- Opening Delimiter -

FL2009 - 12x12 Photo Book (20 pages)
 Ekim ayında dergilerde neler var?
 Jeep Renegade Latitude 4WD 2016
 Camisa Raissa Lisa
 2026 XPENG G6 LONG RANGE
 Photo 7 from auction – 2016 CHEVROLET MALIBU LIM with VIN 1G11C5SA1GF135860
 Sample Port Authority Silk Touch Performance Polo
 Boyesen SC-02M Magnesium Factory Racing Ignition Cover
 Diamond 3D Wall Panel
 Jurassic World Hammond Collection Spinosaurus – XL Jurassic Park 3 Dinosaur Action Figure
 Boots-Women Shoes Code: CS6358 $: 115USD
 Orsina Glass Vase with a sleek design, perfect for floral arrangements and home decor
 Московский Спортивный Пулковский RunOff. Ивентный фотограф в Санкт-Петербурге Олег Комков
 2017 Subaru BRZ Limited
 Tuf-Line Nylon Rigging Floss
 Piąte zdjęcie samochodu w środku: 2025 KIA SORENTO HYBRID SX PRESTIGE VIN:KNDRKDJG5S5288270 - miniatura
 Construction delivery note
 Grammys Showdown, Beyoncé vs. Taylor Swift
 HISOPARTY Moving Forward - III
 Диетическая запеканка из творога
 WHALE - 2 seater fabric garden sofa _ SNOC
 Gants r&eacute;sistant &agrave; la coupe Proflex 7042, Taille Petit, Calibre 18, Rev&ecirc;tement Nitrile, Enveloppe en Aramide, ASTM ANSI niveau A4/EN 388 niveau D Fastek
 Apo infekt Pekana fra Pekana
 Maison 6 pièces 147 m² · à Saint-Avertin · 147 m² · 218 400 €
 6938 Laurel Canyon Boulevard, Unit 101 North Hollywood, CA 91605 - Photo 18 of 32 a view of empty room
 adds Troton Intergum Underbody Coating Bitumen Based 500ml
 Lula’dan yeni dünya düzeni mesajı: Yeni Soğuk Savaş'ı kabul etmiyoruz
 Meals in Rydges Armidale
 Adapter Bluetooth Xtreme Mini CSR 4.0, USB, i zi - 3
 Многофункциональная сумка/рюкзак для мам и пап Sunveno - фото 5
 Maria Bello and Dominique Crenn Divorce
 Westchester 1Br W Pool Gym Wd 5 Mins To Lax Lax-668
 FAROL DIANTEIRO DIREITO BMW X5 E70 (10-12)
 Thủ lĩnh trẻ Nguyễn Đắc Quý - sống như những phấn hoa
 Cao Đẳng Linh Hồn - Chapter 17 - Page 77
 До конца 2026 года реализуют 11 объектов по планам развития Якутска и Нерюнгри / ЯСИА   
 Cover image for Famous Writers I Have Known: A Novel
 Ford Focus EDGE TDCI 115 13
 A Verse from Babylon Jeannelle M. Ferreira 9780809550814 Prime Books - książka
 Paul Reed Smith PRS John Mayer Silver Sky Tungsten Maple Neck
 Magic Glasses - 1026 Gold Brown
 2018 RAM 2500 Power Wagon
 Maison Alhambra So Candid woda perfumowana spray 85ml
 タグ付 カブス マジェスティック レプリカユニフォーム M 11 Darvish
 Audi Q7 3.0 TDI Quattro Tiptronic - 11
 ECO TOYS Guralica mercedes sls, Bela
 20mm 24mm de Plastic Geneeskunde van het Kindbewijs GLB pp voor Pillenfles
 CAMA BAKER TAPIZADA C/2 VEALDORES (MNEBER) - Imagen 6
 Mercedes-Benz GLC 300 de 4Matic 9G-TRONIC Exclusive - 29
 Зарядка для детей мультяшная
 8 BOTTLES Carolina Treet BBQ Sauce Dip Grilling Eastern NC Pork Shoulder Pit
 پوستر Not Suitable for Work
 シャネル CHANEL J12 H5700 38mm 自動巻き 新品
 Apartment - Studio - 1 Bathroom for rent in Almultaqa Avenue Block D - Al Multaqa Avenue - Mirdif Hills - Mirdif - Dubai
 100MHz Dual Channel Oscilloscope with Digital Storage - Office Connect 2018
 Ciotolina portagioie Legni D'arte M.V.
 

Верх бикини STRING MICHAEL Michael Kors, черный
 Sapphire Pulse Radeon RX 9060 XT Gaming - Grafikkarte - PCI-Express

- Closing Delimiter -

● About this task
For this exercise, repeat exactly the lines of the data above from the one with "HISOPARTY Moving Forward - III" down to the one with "WHALE - 2 seater fabric garden sofa _ SNOC", both end lines included.

● Task answer
 HISOPARTY Moving Forward - III
 Диетическая запеканка из творога
 WHALE - 2 seater fabric garden sofa _ SNOC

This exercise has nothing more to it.